I stand corrected, this is a Coach Whip snake. We were looking for Indigo and Scarlet King snakes on our way to a section we call the Piney Woods, when out of the corner of my eye I noticed this fellow. He was out in the open, facing the last bit of sunlight before evening. The snake was so still he looked almost dead and did not move at my approach. It is funny though, even at 41 years old and thousand of snake sightings later, I still get a rush, especially when its a snake I don't typically see. I understand that natural check and even to some degree the irrational fear that sweeps across many people at the site of these creatures. Your mind races through it's index of venomous vs. non-venomous, and all snakes share similar structure. Even when you reach the conclusion that this animal is no threat to me based upon its head shape, eyes, markings or known identity, you now have to contend with instinct. Some snakes mimic their venomous counterparts so well that even pheno identity becomes a much more calculated scrutiny, like in the case of the Scarlet vs. the Coral. 

There are other things that trigger certain natural and instinctual responses from us. I have been called over at work to look at a rattle snake that turned out to be a Black Racer, shaking his tail while trying to swallow a skink. My neighbor asked me to remove a pygmy rattler that turned out  to be a Hog Nose snake. I had to remove a coral snake from a young lad who believed it to be a king snake. I guess that would be a situation where dyslexia could bite you. Remember, red touches yellow can kill a fellow. 

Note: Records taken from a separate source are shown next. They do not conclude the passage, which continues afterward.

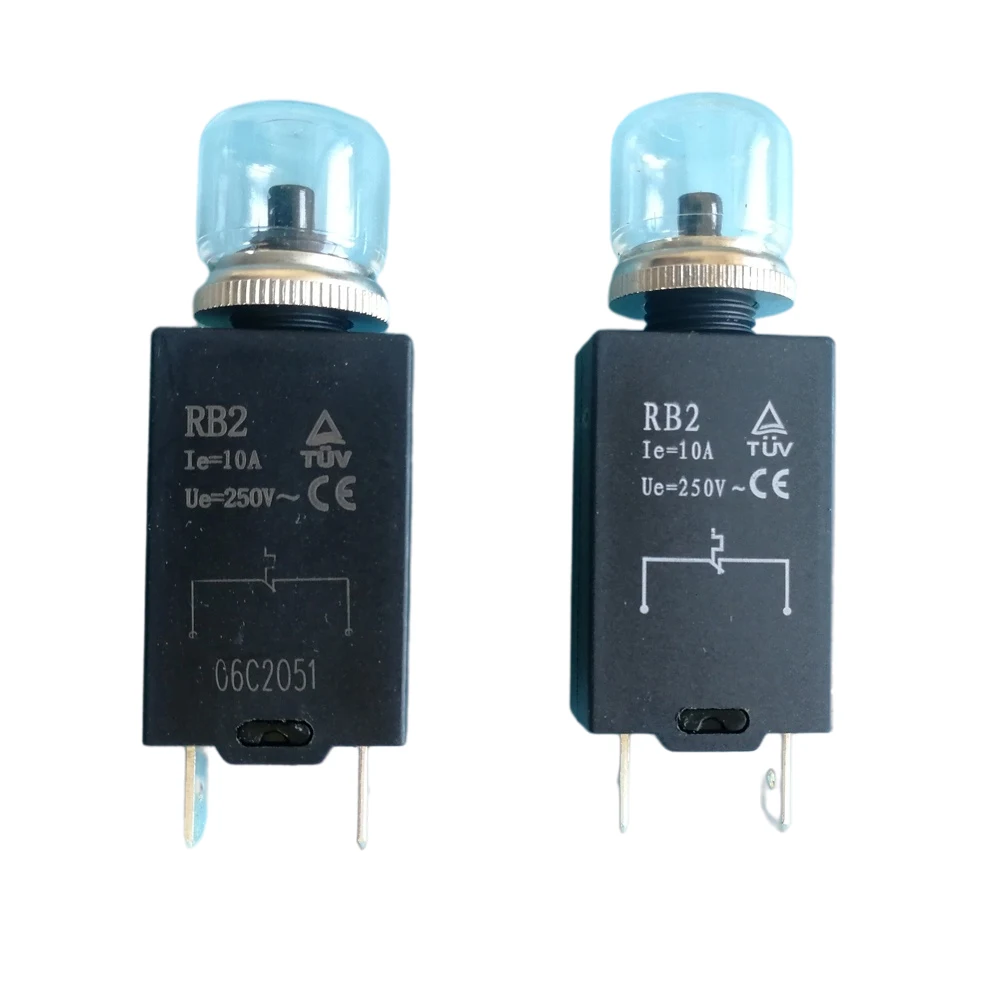 2Pcs RB2 Circuit Breakers Overload Short Protector for Electric System Motor Transformer Rectifier 2Pins 250V 2.5A 8A 10A 15A image 2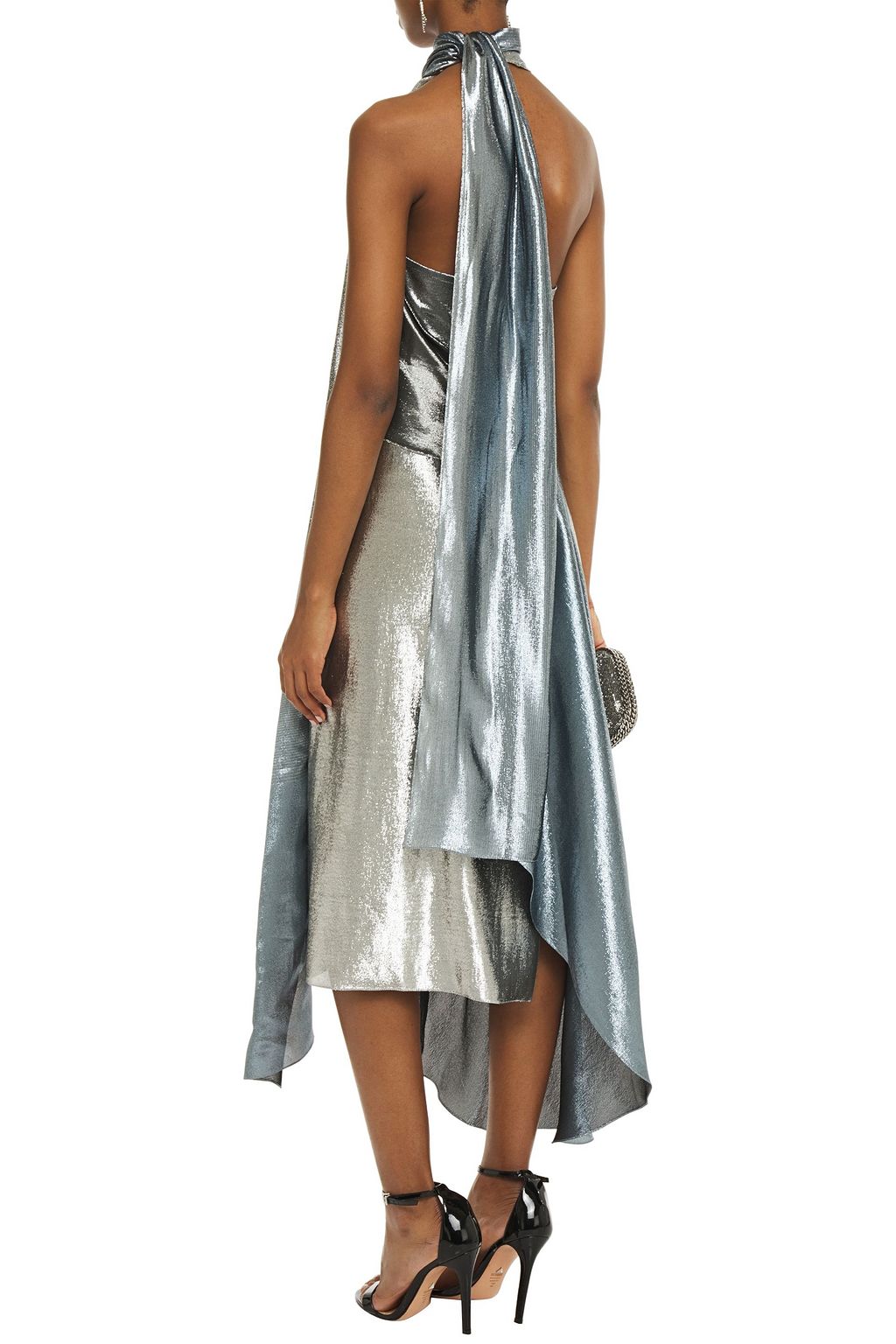 ROLAND MOURET Asymmetric pussy-bow silk-blend lamé midi dress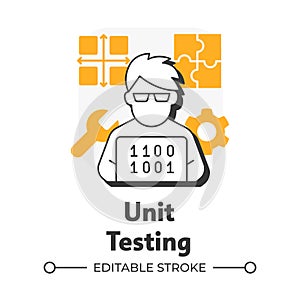 Unit testing flat outline concept icon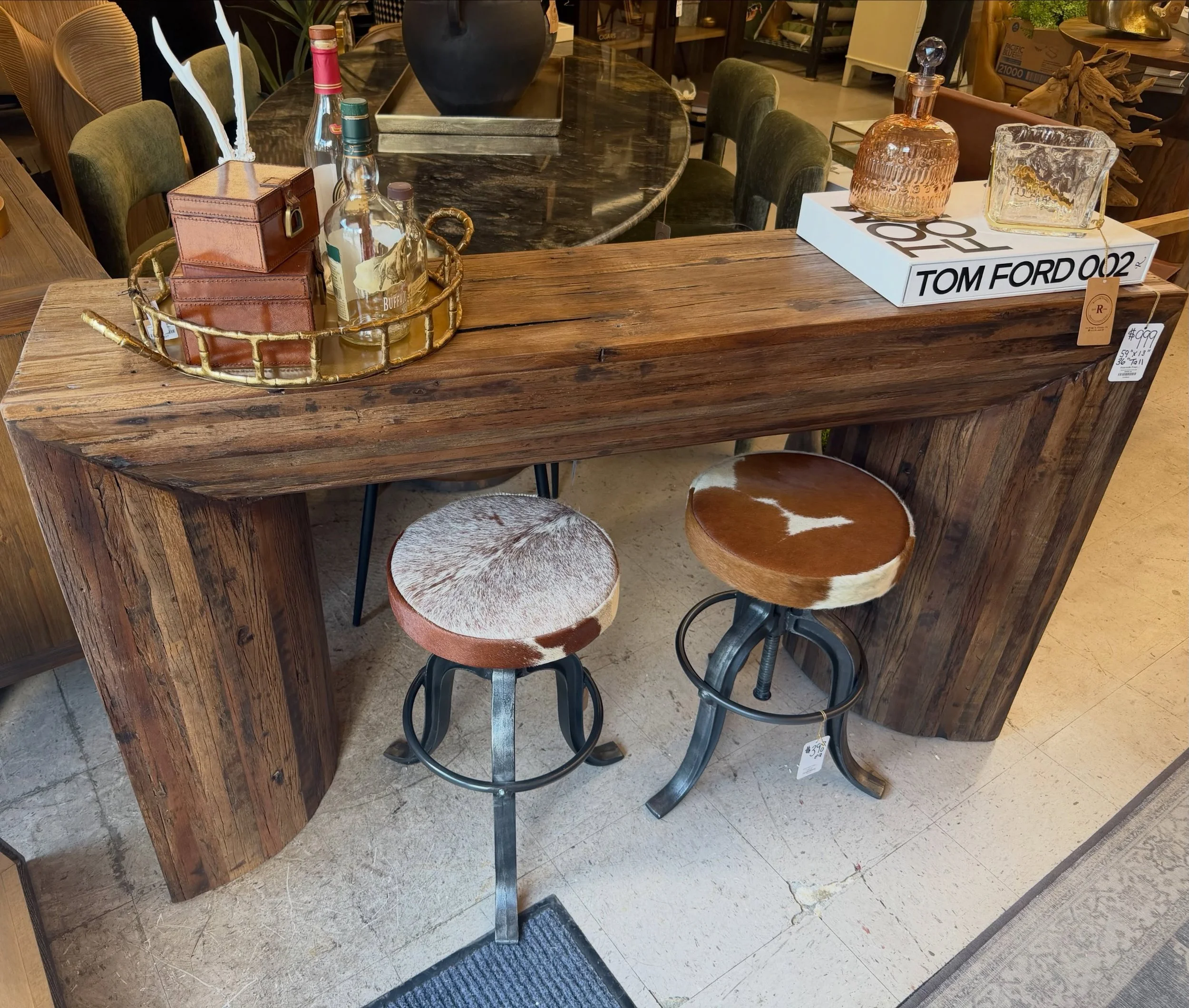 Crafted from natural wood strips, this 59&rdquo; console brings together rustic character and modern style. We styled it here as a bar, but its versatility goes far beyond entertaining&mdash;use it as an entryway console, sofa table, serving station,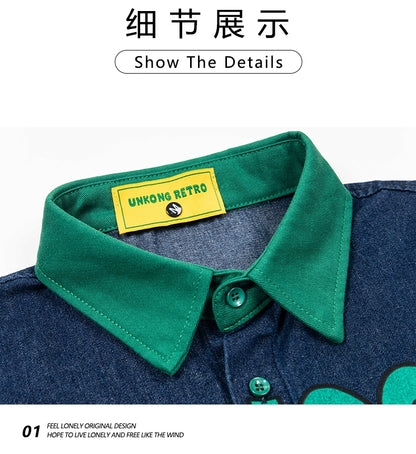 American retro fun cartoon jeans short-sleeved shirt men loose design sense niche shirt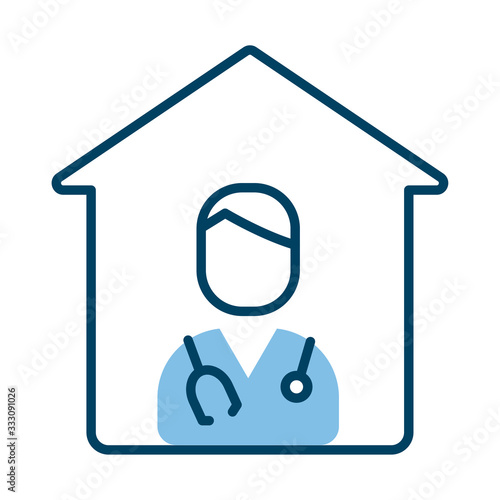 house with doctor professional character half line style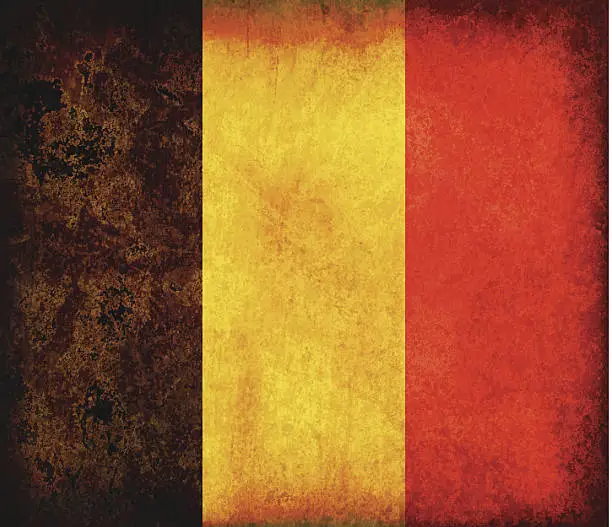 Vector illustration of Belgium grunge flag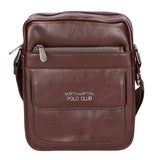 Borsa a tracolla uomo in pelle PU Casual PCL3082-BROWN Northampton Polo Club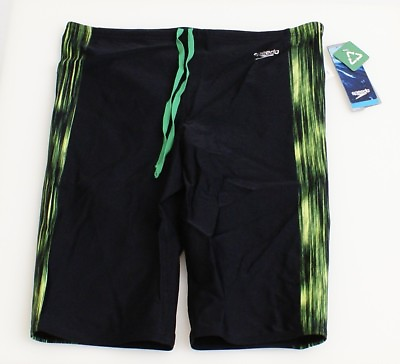 Speedo Reflecting Lights Black amp; Green Power Flex Jammer Swimsuit Men#x27;s NWT $36.74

For all there carrying on though, the striking, the tail shaking and coiling up, it is mostly bluff, but it works well to keep other animals away. Unfortunately, with humans though, they escalate  all these responses to the irrational and from that justify the destruction of something that actually serves a purpose. Snakes are marvelous animals and God's creation so I would ask you to do this: take another look at snakes. You may find them to be more beautiful, necessary, and interesting than you ever imagined. Even the venomous.